Return True if file or directory at path exist, False otherwise

Parameters:

path (str) – a path within the FileSystem to check for existence.

isdir(path)[source]

Return True if the location at path is a directory. If not, return False.

Parameters:

path (str) – a path within the FileSystem to check as a directory.

Note: This method is optional, not all FileSystem subclasses implements it.

remove(path, recursive=True)[source]

Remove file or directory at location path

Parameters:
  • path (str) – a path within the FileSystem to remove.

  • recursive (bool) – if the path is a directory, recursively remove the directory and all of its descendants. Defaults to True.

put(filename, dest_path, mimetype=None, chunksize=None)[source]
put_multiple(filepaths, remote_directory, mimetype=None, chunksize=None, num_process=1)[source]
put_string(contents, dest_path, mimetype=None)[source]
mkdir(path, parents=True, raise_if_exists=False)[source]

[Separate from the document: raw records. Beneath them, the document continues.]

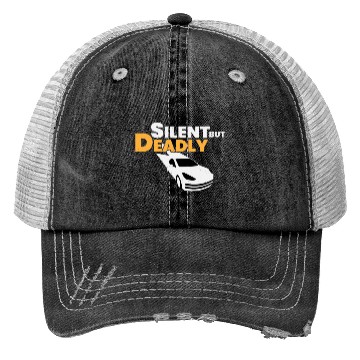 Discover Electric Vehicle Silent But Deadly Trucker Hats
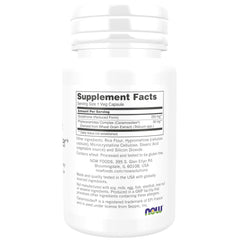 NOW Foods Glutathione Skin Brightener bottle label highlighting ingredients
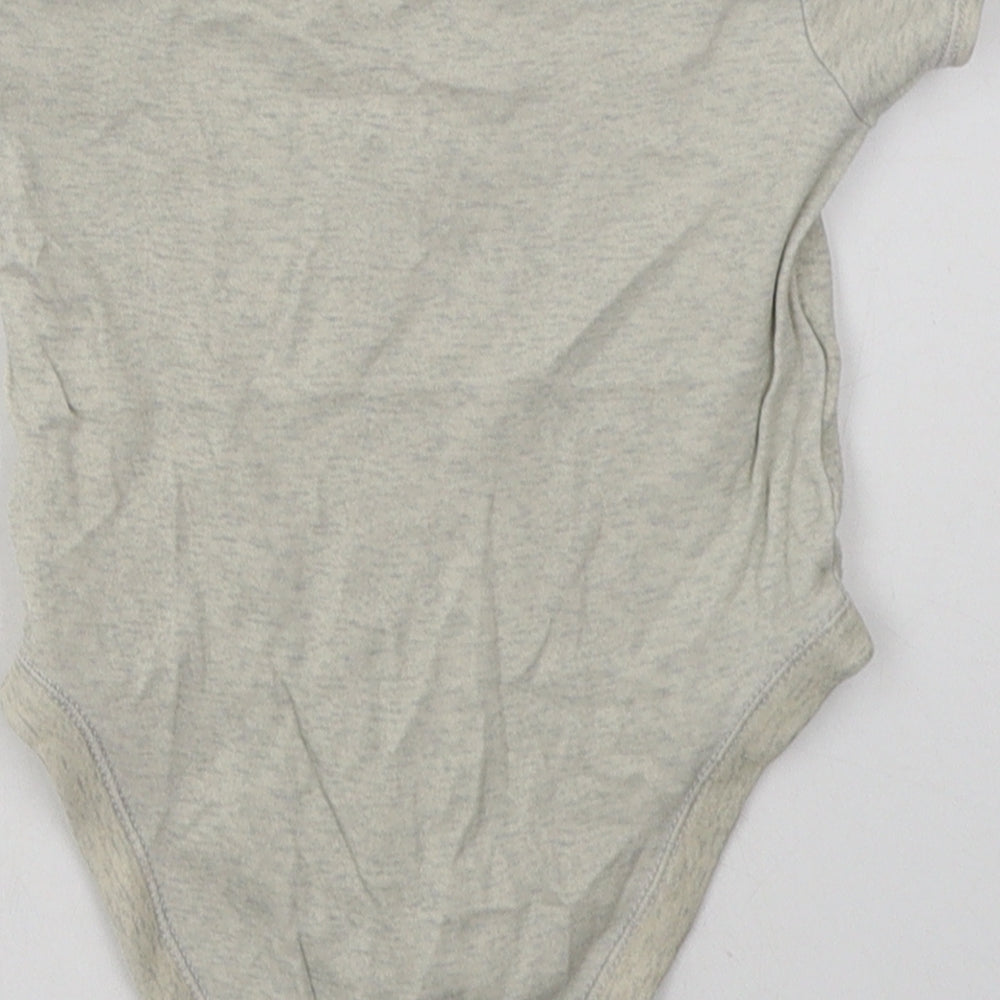 George Baby Beige Geometric Cotton Babygrow One-Piece Size 18-24 Months  Buckle - Batman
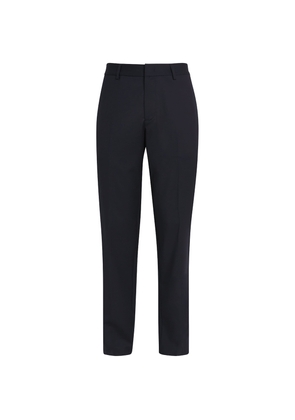 Emporio Armani Wool Straight Trousers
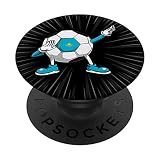 Dabbing Fußball Kasachstan Trikot Kasachstani Fußballliebhaber PopSockets mit austauschbarem PopGrip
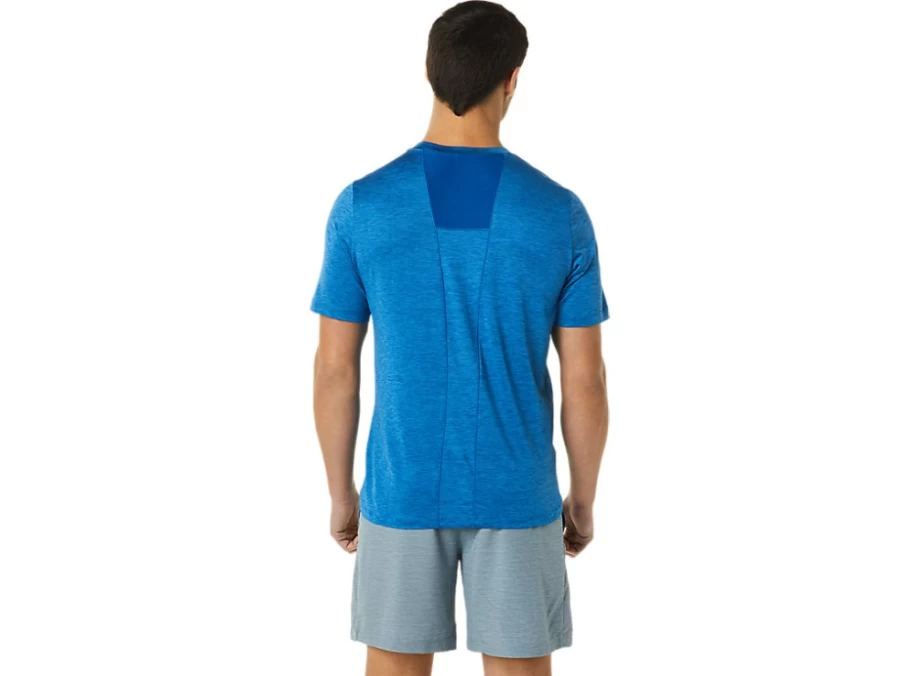 ASICS Men's Performance PR LYTE Short Sleeve Shirt - Lake Drive Heather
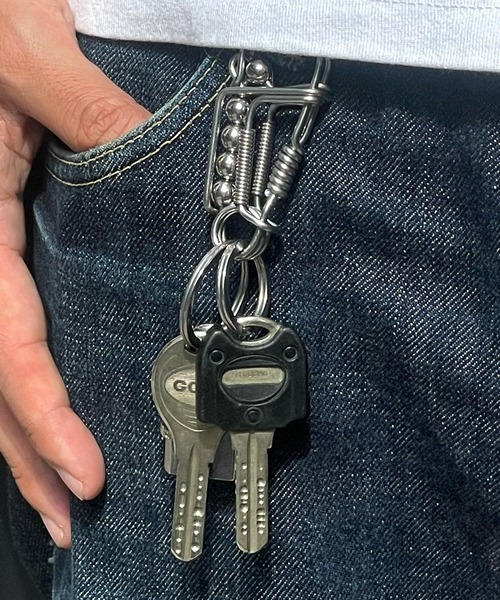 オプション カラビナ キーホルダー Amazon | KAWASAKI (カワサキ) 純正部品 GRN カワサキ カラビナ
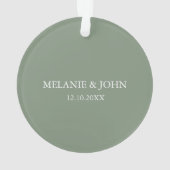 Sage Green Mother of the Bride Gift Ornament (Rückseite)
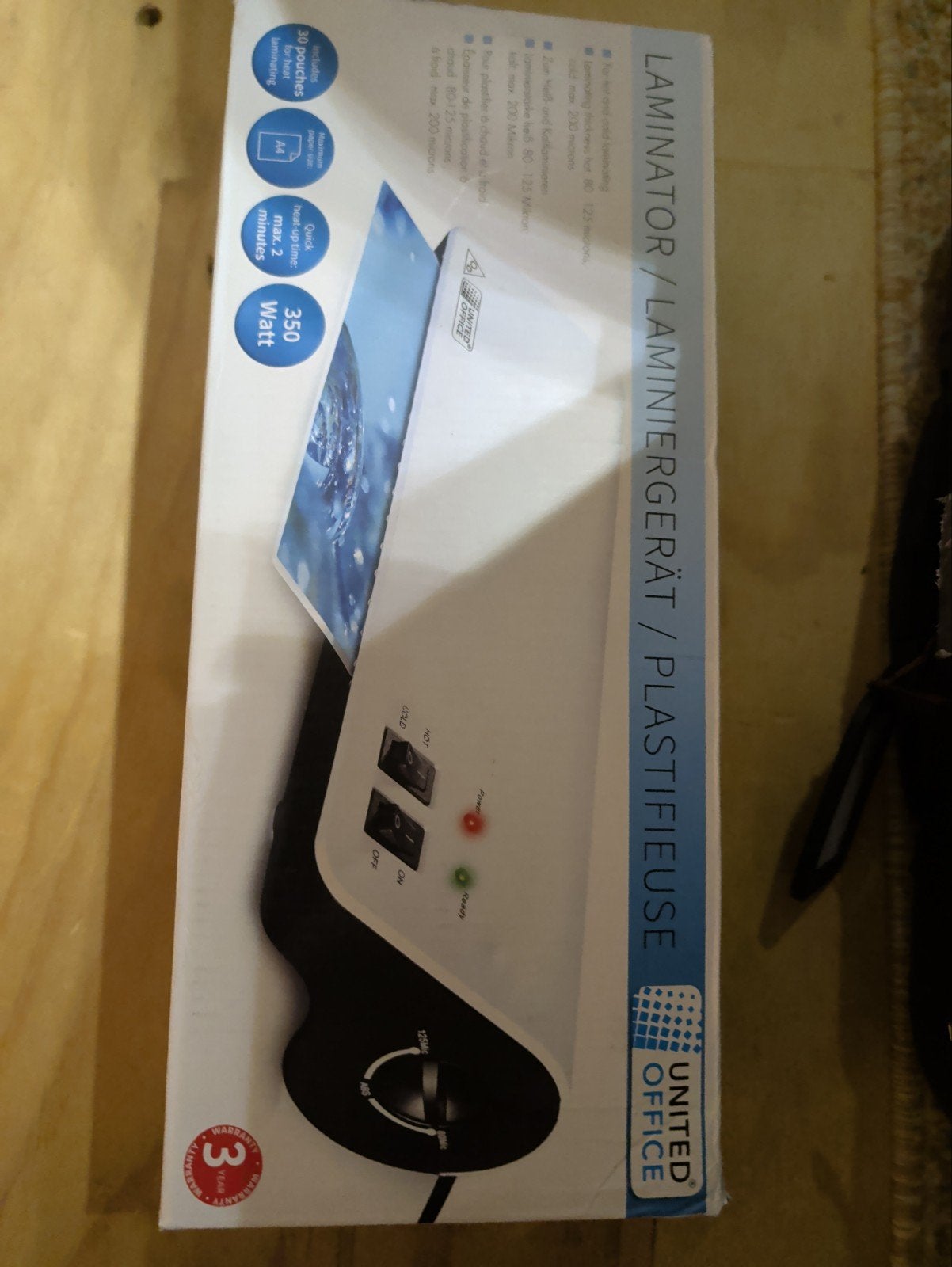 United Office Laminator A4 - Nieuw in verpakking, Ophalen
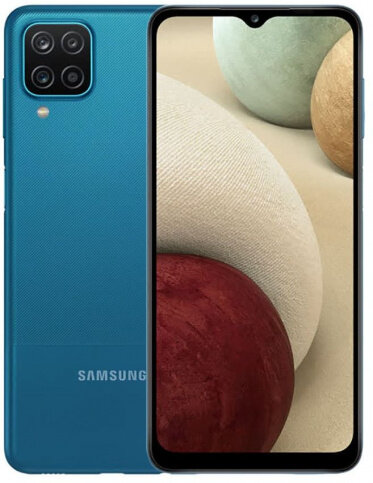 Смартфон Samsung Galaxy A12 LTE 6.5" Синий (SM-A125FZBVSER) 64 Гб/4 Гб
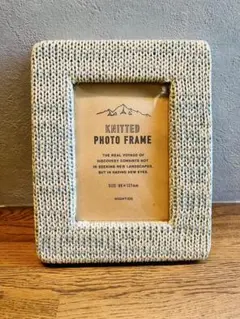 HIGHTIDE KNITTED PHOTO FRAME 19×16cm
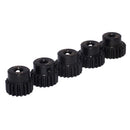5pcs/set 1:10 RC Car 48DP 18T-22T Teeth Gear Pinion for Brushed Brushless Motor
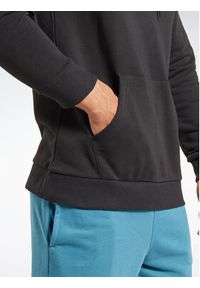 Reebok Bluza Identity Logo HA9273 Czarny Regular Fit. Kolor: czarny. Materiał: bawełna, syntetyk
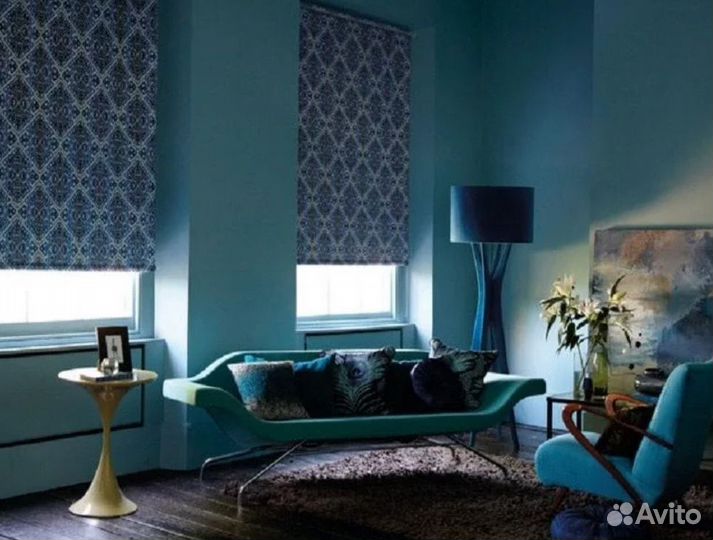 Рулонные шторы блэкаут на пластиковые окна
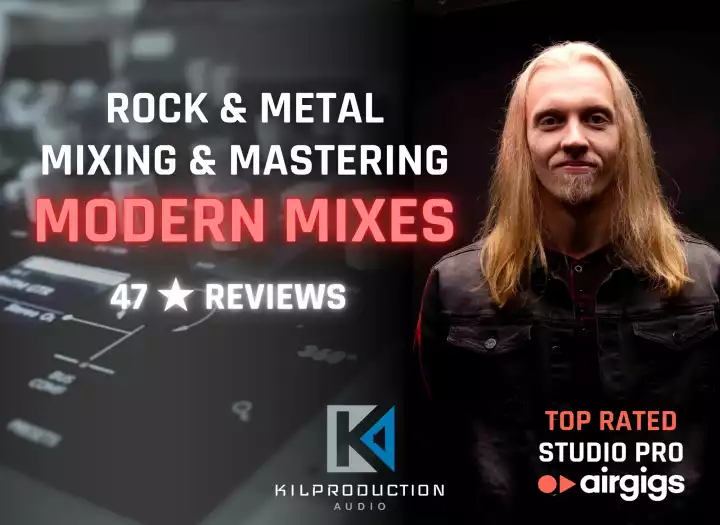 MODERN ROCK & METAL MIXING & MASTERING | METALCORE, DJENT, PROG | EP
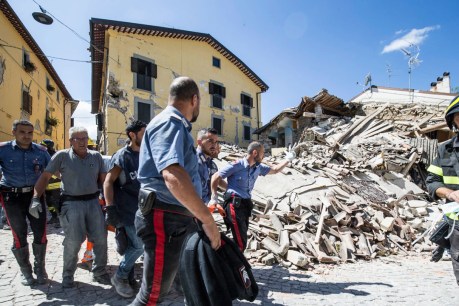 Italy earthquake death toll rises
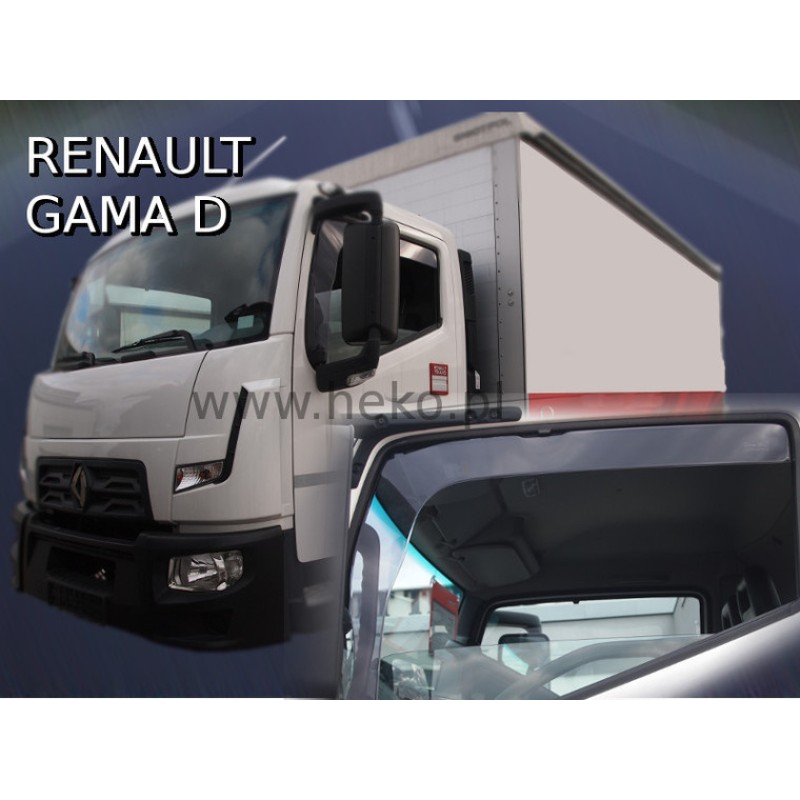 Ανεμοθραύστες Renault Gama D Cab 2,0 (3,5-7,5T) (2014+) 2 τμχ. εμπρός, Heko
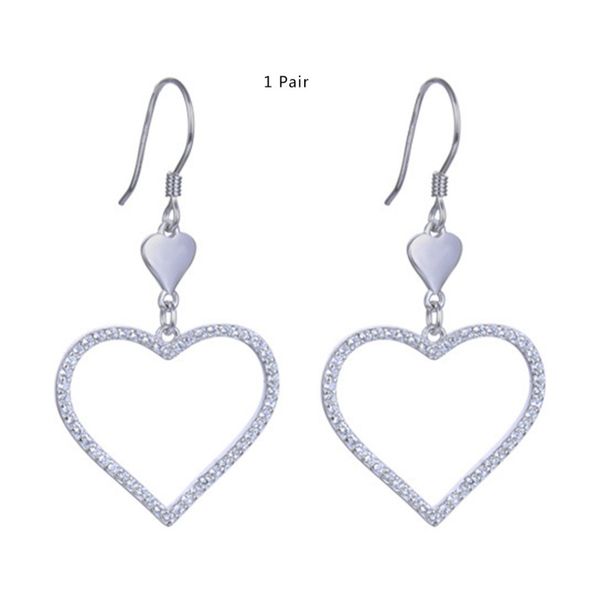 dnfar001977 стерлингового щепка мода ювелирные изделия цирконий серебряные серьги стержня для женщин, Silver
dnfar001977 стерлингового щепка мода ювелирные изделия цирконий серебряные серьги стержня для женщин, Silver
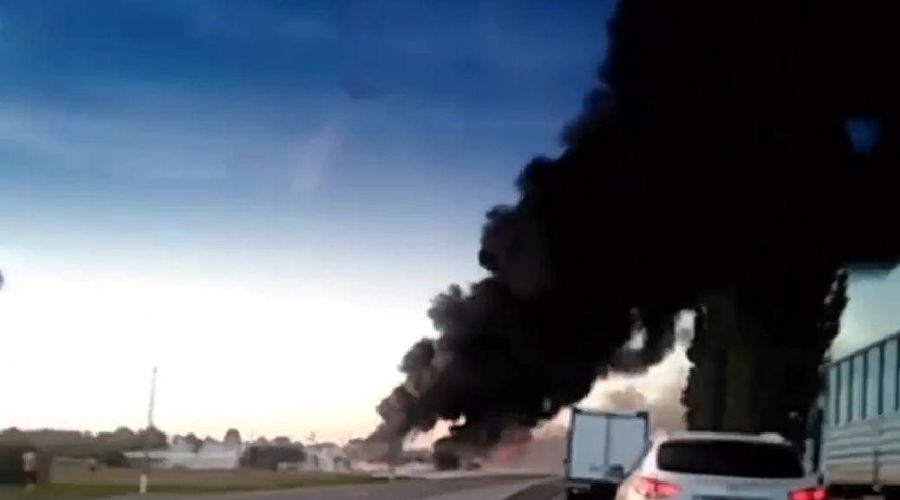  &copy;&nbsp;Скриншот видео из телеграм-канала &laquo;ЧП Краснодар&raquo;, tmtr.me/chp_krd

Create directory at location path

Creates the directory at path and implicitly create parent directories if they do not already exist.

Parameters:
  • path (str) – a path within the FileSystem to create as a directory.

  • parents (bool) – Create parent directories when necessary. When parents=False and the parent directory doesn’t exist, raise luigi.target.MissingParentDirectory

  • raise_if_exists (bool) – raise luigi.target.FileAlreadyExists if the folder already exists.

copy(source_path, destination_path)[source]

Copy a file or a directory with contents. Currently, LocalFileSystem and MockFileSystem support only single file copying but S3Client copies either a file or a directory as required.

rename(*args, **kwargs)[source]

Alias for move()

move(source_path, destination_path)[source]

Rename/move an object from one GCS location to another.

listdir(path)[source]

Get an iterable with GCS folder contents. Iterable contains paths relative to queried path.

list_wildcard(wildcard_path)[source]

Yields full object URIs matching the given wildcard.

Currently only the ‘*’ wildcard after the last path delimiter is supported.

(If we need “full” wildcard functionality we should bring in gsutil dependency with its https://github.com/GoogleCloudPlatform/gsutil/blob/master/gslib/wildcard_iterator.py…)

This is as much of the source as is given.